In my previous article, you learned Python fundamentals. I also introduced the basic data structures. You can imagine you need more advanced data structures for analyzing SQL Server data, which comes in tabular format. In Python, there is also the data frame object, like in R. It is defined in the pandas library. You communicate with SQL Server through the pandas data frames. But before getting there, you need first to learn about arrays and other objects from the numpy library.

In this article, you will learn about the objects from the two of the most important Python libraries, namely, as mentioned, numpy and pandas.

A Quick Graph Demo

For a start, let me intrigue you by showing some analytical and graphic capabilities of Python. I am explaining the code just briefly in this section; you will learn more about Python programming in the rest of this article. The following code imports necessary libraries for this demonstration.

import numpy as np
import pandas as pd
import pyodbc
import matplotlib.pyplot as plt

Then we need some data. I am using the data from the AdventureWorksDW2016 demo database, selecting from the dbo.vTargetMail view.

Before reading the data from SQL Server, you need to perform two additional tasks. First, you need to create a login and a database user for the Python session and give the user the permission to read the data. Then, you need to create an ODBC data source name (DSN) that points to this database. In SQL Server Management Studio, connect to your SQL Server, and then in Object Explorer, expand the Security folder. Right-click on the Logins subfolder. Create a new login and a database user in the AdventureWorksDW2016DW database and add this user to the db_datareader role. I created a SQL Server login called RUser with password Pa$$w0rd, and a user with the same name.

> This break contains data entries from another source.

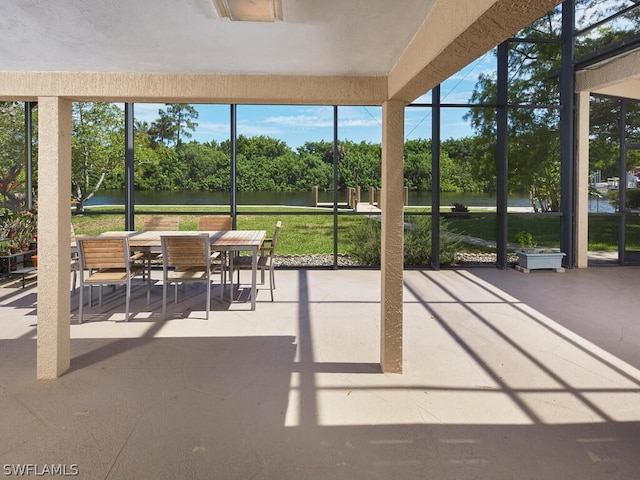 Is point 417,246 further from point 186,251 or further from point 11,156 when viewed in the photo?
point 11,156

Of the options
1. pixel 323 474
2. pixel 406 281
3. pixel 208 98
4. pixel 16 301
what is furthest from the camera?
pixel 406 281

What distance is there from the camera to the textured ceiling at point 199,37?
207cm

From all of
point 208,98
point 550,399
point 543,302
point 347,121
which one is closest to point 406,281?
point 543,302

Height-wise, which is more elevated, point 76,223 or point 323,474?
point 76,223

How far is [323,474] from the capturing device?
215 cm

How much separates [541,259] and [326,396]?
6.09m

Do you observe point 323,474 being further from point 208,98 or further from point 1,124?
point 1,124

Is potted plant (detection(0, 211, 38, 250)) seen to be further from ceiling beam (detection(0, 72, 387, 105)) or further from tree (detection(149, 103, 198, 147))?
ceiling beam (detection(0, 72, 387, 105))

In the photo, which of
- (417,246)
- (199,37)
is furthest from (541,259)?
(199,37)

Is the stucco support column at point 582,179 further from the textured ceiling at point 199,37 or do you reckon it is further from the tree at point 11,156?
the tree at point 11,156

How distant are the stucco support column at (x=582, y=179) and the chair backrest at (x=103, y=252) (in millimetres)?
7350

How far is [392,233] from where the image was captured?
11.2 ft

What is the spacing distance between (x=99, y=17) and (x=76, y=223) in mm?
6840

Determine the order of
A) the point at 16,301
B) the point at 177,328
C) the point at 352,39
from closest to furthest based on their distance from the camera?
the point at 352,39, the point at 177,328, the point at 16,301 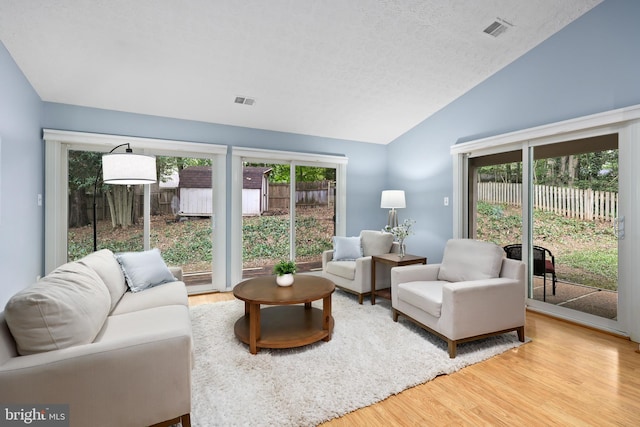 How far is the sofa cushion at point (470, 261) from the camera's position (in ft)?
9.06

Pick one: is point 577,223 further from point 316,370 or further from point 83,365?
point 83,365

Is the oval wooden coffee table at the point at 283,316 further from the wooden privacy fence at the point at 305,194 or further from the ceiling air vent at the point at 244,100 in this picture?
the ceiling air vent at the point at 244,100

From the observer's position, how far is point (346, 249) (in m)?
4.21

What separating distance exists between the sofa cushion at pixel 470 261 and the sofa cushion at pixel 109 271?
2.98m

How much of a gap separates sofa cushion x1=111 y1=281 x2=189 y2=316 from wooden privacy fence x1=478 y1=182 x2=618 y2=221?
3.82m

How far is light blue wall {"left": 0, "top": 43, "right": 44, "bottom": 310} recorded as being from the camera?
8.04ft

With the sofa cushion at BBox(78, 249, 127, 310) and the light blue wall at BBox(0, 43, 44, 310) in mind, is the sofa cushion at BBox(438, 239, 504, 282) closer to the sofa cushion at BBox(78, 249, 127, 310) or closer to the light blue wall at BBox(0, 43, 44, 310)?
the sofa cushion at BBox(78, 249, 127, 310)

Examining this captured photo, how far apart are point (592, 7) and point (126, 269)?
16.3 feet

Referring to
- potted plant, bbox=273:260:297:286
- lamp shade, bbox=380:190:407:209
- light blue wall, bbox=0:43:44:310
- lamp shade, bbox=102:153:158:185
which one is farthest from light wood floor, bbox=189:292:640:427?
light blue wall, bbox=0:43:44:310

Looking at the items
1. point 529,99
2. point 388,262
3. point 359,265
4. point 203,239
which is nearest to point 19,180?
point 203,239

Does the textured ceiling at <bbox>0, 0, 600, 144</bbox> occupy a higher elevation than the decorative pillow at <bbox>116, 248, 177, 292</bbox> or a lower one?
higher

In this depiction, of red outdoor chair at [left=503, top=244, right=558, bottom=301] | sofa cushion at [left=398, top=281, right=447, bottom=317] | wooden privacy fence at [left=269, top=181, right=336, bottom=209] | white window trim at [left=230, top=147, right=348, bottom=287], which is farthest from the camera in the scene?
wooden privacy fence at [left=269, top=181, right=336, bottom=209]

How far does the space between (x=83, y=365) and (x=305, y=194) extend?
3.81 meters

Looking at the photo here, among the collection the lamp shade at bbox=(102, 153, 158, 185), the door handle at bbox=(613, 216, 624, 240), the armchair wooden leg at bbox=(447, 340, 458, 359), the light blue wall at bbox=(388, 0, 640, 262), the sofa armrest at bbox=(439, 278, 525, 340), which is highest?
the light blue wall at bbox=(388, 0, 640, 262) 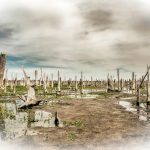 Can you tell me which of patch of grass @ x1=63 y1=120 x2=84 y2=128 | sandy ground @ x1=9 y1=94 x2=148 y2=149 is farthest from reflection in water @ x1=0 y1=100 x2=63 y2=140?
sandy ground @ x1=9 y1=94 x2=148 y2=149

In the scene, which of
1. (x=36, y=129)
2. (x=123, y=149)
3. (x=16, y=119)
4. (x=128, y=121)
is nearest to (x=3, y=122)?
(x=16, y=119)

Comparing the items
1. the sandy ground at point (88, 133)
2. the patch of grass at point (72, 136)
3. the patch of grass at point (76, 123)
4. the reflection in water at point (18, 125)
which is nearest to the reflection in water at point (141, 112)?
the sandy ground at point (88, 133)

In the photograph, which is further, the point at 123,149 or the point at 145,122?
the point at 145,122

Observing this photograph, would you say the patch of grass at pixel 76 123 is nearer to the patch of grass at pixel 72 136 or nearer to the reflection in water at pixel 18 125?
the reflection in water at pixel 18 125

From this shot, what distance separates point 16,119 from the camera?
24.2 meters

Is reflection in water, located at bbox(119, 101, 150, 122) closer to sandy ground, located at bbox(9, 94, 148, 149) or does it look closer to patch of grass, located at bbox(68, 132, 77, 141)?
sandy ground, located at bbox(9, 94, 148, 149)

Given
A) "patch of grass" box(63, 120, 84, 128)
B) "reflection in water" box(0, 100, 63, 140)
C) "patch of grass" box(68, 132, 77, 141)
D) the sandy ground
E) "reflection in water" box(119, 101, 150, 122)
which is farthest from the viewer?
"reflection in water" box(119, 101, 150, 122)

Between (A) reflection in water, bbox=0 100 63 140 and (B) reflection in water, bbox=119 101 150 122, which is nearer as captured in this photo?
(A) reflection in water, bbox=0 100 63 140

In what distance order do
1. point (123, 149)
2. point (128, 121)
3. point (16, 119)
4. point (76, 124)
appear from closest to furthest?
point (123, 149) < point (76, 124) < point (128, 121) < point (16, 119)

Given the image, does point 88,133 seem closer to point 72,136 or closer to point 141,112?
point 72,136

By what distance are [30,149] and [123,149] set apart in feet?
14.3

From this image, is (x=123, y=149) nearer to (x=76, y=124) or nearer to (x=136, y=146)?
(x=136, y=146)

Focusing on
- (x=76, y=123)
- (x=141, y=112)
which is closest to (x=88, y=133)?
(x=76, y=123)

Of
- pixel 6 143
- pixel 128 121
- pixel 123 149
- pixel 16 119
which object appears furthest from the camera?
pixel 16 119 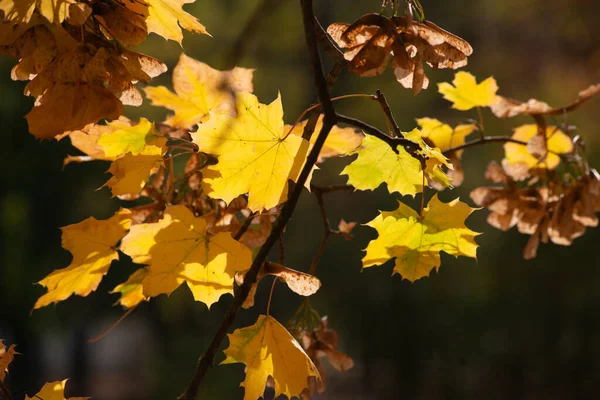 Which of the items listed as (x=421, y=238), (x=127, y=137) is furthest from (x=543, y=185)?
(x=127, y=137)

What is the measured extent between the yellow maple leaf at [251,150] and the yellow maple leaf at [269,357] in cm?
14

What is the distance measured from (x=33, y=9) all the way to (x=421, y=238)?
0.45 m

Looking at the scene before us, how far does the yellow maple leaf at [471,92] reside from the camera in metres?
1.05

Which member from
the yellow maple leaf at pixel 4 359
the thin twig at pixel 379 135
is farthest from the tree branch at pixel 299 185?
the yellow maple leaf at pixel 4 359

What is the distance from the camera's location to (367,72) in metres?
0.60

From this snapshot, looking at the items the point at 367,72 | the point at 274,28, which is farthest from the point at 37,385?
the point at 367,72

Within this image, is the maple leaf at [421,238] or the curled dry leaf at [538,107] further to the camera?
the curled dry leaf at [538,107]

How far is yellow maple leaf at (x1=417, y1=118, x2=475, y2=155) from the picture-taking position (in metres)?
1.08

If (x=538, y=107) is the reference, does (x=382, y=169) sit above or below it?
below

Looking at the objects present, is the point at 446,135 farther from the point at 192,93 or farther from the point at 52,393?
the point at 52,393

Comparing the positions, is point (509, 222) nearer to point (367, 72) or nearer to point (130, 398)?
point (367, 72)

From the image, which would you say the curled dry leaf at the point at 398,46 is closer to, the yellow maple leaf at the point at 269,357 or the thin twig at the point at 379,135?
the thin twig at the point at 379,135

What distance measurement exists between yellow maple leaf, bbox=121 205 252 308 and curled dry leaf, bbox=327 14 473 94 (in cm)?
22

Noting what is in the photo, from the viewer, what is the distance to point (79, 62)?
553 mm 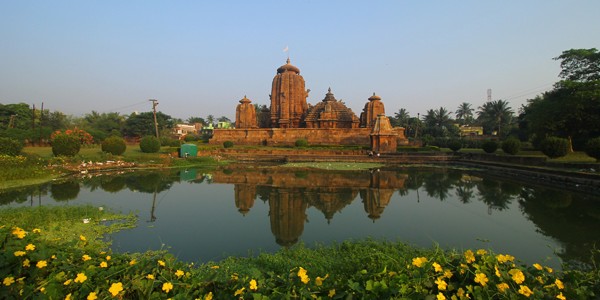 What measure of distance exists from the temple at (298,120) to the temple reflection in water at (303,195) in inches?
843

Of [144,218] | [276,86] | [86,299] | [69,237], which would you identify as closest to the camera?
[86,299]

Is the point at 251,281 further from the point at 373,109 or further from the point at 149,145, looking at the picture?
the point at 373,109

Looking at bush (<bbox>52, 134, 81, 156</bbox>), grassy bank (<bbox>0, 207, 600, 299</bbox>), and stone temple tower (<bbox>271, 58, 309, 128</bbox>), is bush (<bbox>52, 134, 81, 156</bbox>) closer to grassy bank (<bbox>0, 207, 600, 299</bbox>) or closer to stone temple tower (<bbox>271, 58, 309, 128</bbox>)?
grassy bank (<bbox>0, 207, 600, 299</bbox>)

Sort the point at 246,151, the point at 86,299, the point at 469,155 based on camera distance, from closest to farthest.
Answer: the point at 86,299, the point at 469,155, the point at 246,151

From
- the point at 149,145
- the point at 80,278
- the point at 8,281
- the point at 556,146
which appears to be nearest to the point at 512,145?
the point at 556,146

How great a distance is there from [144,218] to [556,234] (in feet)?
31.5

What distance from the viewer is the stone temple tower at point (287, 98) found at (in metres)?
38.6

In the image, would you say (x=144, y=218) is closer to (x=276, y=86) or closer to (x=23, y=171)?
(x=23, y=171)

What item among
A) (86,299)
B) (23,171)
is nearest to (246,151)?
(23,171)

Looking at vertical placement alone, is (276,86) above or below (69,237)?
above

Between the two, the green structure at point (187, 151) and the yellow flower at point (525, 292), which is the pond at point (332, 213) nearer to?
the yellow flower at point (525, 292)

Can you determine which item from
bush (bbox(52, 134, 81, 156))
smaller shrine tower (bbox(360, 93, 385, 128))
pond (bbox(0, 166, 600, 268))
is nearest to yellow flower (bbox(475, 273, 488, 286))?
pond (bbox(0, 166, 600, 268))

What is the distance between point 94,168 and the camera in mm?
16906

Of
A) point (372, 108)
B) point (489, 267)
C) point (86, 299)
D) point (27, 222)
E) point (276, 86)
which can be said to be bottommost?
point (27, 222) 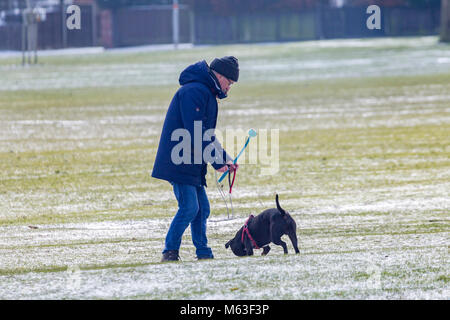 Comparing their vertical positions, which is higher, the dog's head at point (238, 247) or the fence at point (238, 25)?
the fence at point (238, 25)

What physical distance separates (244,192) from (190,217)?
556 cm

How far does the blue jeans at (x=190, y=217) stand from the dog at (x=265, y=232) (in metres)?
0.36

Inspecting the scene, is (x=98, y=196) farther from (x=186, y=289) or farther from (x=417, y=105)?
(x=417, y=105)

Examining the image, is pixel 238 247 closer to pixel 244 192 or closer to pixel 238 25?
pixel 244 192

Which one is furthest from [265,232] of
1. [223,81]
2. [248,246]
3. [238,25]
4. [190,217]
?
[238,25]

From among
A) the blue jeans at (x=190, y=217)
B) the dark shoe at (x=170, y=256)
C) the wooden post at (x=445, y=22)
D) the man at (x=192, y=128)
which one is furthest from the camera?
the wooden post at (x=445, y=22)

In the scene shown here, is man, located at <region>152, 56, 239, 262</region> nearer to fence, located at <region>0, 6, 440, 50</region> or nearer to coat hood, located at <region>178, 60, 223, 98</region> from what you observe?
coat hood, located at <region>178, 60, 223, 98</region>

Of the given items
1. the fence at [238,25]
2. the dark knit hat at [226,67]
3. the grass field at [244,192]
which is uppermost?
the fence at [238,25]

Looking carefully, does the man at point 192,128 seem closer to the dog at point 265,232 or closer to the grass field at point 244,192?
the dog at point 265,232

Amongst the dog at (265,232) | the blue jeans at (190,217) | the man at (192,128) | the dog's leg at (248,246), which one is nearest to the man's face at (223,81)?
the man at (192,128)

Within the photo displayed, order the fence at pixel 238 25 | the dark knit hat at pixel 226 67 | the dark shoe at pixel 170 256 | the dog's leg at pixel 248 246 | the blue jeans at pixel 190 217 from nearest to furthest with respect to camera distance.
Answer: the dark knit hat at pixel 226 67
the blue jeans at pixel 190 217
the dark shoe at pixel 170 256
the dog's leg at pixel 248 246
the fence at pixel 238 25

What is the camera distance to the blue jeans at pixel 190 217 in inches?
310

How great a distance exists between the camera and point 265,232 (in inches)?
321

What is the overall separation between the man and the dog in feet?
1.95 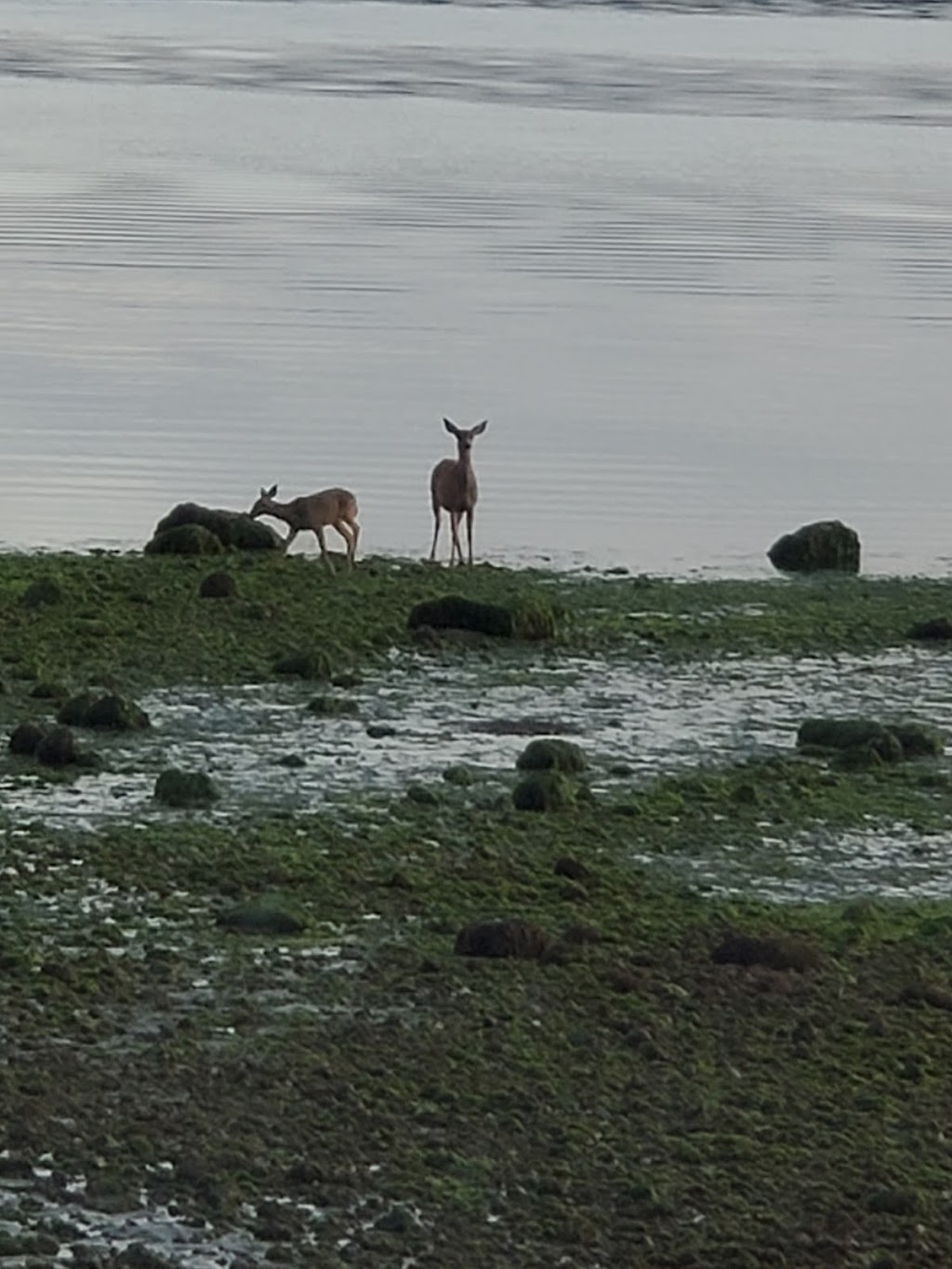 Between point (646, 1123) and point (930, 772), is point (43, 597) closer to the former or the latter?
point (930, 772)

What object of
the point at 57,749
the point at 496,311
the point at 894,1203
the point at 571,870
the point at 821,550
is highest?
the point at 496,311

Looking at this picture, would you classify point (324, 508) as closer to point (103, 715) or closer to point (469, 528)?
point (469, 528)

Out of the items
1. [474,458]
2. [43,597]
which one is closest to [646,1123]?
[43,597]

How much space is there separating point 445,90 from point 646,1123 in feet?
204

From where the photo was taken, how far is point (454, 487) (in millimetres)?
19312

After that, I used the ODBC Data Sources tool to create a system DSN called AWDW. I configured the DSN to connect to my local SQL Server with the RUser SQL Server login and appropriate password and change the context to the AdventureWorksDW2016 database. If you’ve successfully finished both steps, you can execute the following Python code to read the data from SQL Server.

# Connecting and reading the data
con = pyodbc.connect('DSN=AWDW;UID=RUser;PWD=Pa$$w0rd')
query = """SELECT CustomerKey, Age,
             YearlyIncome, TotalChildren,
           FROM dbo.vTargetMail;"""
TM = pd.read_sql(query, con)

You can get a quick info about the data you read with the following code:

# Get the information

The code shows you the first five rows and the shape of the data you just read.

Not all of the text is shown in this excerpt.